Mientras la matanza sigue sin resolverse, Beck no puede dejar de sentirse abatido. Él y sus colegas investigan miles de pistas inútiles, van de puerta en puerta desafiando gélidos vientos, aguantan los improperios que les dirigen todo tipo de necios y sádicos, emprenden largos y sufridos viajes en coche por carreteras invernales, se tragan un número inimaginable de indigestos informes. Hacer trabajo policial es, en una palabra, sufrir. Los lectores, que no somos Martin Beck, podemos reírnos de lo horrible que resulta dicho mundo y de su espantosa capacidad para infligir sufrimiento a los detectives. Para los lectores, el libro es un entretenimiento de principio a fin.

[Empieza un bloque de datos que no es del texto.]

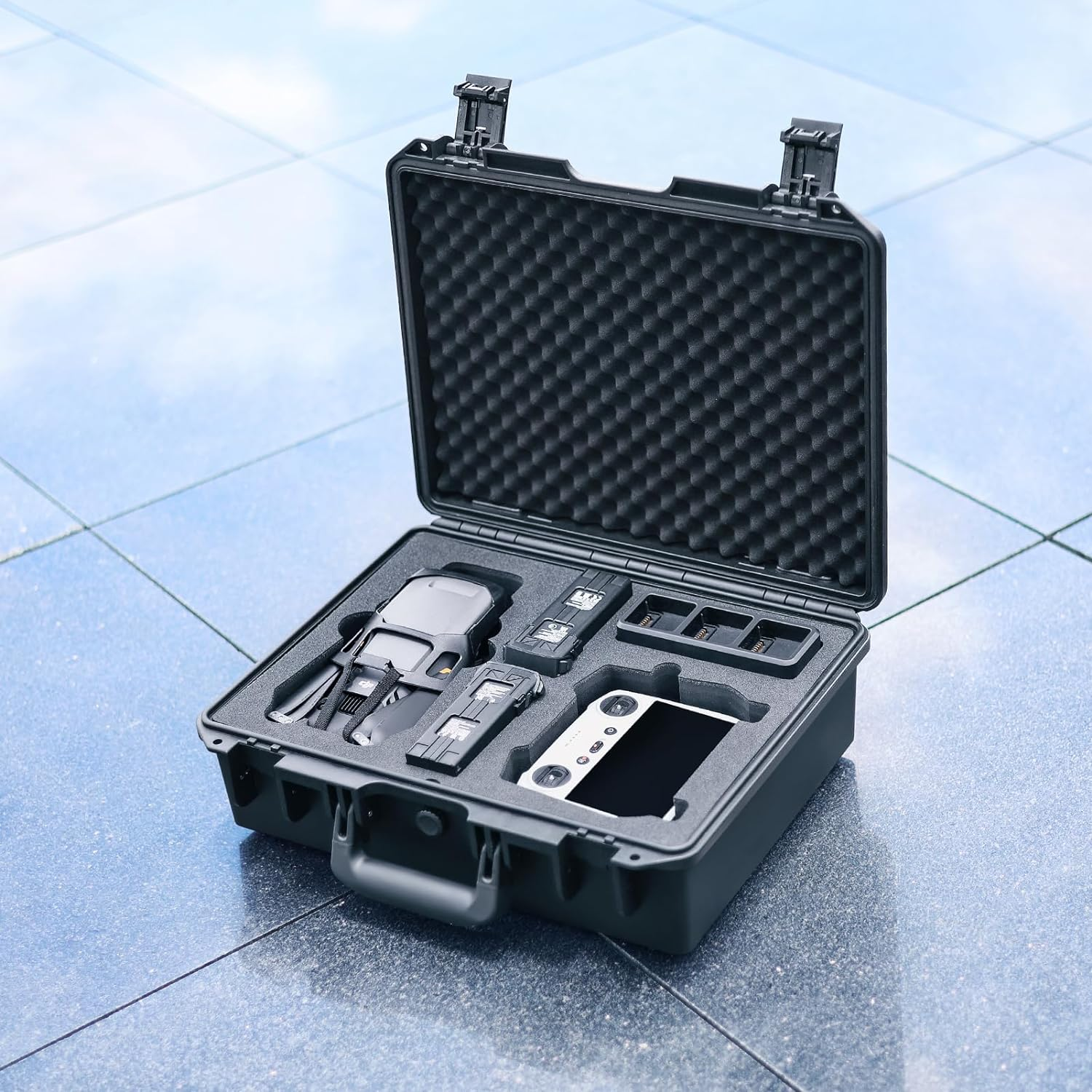 Lykus Titan M340 Waterproof Hard Case for DJI Mavic 3 Pro/Classic and RC Pro/Dji RC, Support RC Lanyard [CASE ONLY] image number 2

Con todo, son precisamente esos sufridos maderos quienes consiguen el bello resultado final: la aclaración simultánea de un crimen viejísimo y de otro reciente, espantoso, resolución que se articula en torno a un delicioso motivo de recóndita erudición automovilística y que viene preludiada por las palabras que, uno tras otro, van repitiendo todos los testigos: «Eso mismo me preguntó él». El policía que ríe atraviesa la fealdad del mundo real para alcanzar finalmente la belleza autosuficiente del trabajo policial bien hecho. El libro se nutre de la tensión entre la visión antiutópica de los autores y el optimismo propio del género. Cuando Martin Beck finalmente ríe, en la última página, lo hace al advertir cuán innecesario ha sido todo el sufrimiento. Y cuán irreal.